[Short text fragments from websites]
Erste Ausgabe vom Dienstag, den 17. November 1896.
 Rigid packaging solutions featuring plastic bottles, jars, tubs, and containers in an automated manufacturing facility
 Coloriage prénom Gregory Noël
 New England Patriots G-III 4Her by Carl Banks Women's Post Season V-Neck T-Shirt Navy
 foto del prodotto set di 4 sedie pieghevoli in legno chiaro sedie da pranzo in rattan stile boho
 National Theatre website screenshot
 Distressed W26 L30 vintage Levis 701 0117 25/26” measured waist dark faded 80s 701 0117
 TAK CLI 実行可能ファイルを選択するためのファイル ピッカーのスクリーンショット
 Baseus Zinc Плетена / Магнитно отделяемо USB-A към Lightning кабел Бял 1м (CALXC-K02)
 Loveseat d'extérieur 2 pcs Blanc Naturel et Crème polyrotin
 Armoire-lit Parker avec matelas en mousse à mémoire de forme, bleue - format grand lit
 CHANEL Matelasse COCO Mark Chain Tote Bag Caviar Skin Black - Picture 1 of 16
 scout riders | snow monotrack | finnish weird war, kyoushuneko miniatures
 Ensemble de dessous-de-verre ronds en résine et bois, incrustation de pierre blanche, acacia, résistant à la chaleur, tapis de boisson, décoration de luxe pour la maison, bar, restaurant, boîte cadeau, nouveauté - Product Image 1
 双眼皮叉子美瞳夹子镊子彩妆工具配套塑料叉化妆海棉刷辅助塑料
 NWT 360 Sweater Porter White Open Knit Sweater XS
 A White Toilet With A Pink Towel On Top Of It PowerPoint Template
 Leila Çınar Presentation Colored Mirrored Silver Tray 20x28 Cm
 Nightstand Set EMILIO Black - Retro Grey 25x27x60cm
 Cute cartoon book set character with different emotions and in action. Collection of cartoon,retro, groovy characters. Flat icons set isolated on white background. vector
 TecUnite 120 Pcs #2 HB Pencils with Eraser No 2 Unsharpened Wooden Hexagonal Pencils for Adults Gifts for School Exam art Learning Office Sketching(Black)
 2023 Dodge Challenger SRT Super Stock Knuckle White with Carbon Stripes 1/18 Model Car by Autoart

» Instructions for the task
Lines in the data that include the word "Black" should all be copied.

» Result of the exercise
 CHANEL Matelasse COCO Mark Chain Tote Bag Caviar Skin Black - Picture 1 of 16
 Nightstand Set EMILIO Black - Retro Grey 25x27x60cm
 TecUnite 120 Pcs #2 HB Pencils with Eraser No 2 Unsharpened Wooden Hexagonal Pencils for Adults Gifts for School Exam art Learning Office Sketching(Black)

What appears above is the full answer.